::: Input

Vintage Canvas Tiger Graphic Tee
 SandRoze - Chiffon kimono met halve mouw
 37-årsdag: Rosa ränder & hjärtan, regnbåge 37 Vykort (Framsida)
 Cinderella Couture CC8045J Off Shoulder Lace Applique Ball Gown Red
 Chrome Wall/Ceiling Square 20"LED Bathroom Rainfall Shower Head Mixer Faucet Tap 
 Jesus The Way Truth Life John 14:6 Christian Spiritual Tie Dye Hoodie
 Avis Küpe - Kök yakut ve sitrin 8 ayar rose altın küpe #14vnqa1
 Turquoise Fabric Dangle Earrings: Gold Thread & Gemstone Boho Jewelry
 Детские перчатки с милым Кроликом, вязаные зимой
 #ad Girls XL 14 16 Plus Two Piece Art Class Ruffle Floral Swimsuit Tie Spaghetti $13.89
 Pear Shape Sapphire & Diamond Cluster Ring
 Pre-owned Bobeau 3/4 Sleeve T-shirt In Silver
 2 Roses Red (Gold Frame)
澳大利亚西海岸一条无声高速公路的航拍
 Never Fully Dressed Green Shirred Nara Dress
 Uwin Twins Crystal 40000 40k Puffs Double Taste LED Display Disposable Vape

::::::

Up to and including the final line of the data above, please copy every line exactly, starting from the one that contains "Детские перчатки с".

 Детские перчатки с милым Кроликом, вязаные зимой
 #ad Girls XL 14 16 Plus Two Piece Art Class Ruffle Floral Swimsuit Tie Spaghetti $13.89
 Pear Shape Sapphire & Diamond Cluster Ring
 Pre-owned Bobeau 3/4 Sleeve T-shirt In Silver
 2 Roses Red (Gold Frame)
澳大利亚西海岸一条无声高速公路的航拍
 Never Fully Dressed Green Shirred Nara Dress
 Uwin Twins Crystal 40000 40k Puffs Double Taste LED Display Disposable Vape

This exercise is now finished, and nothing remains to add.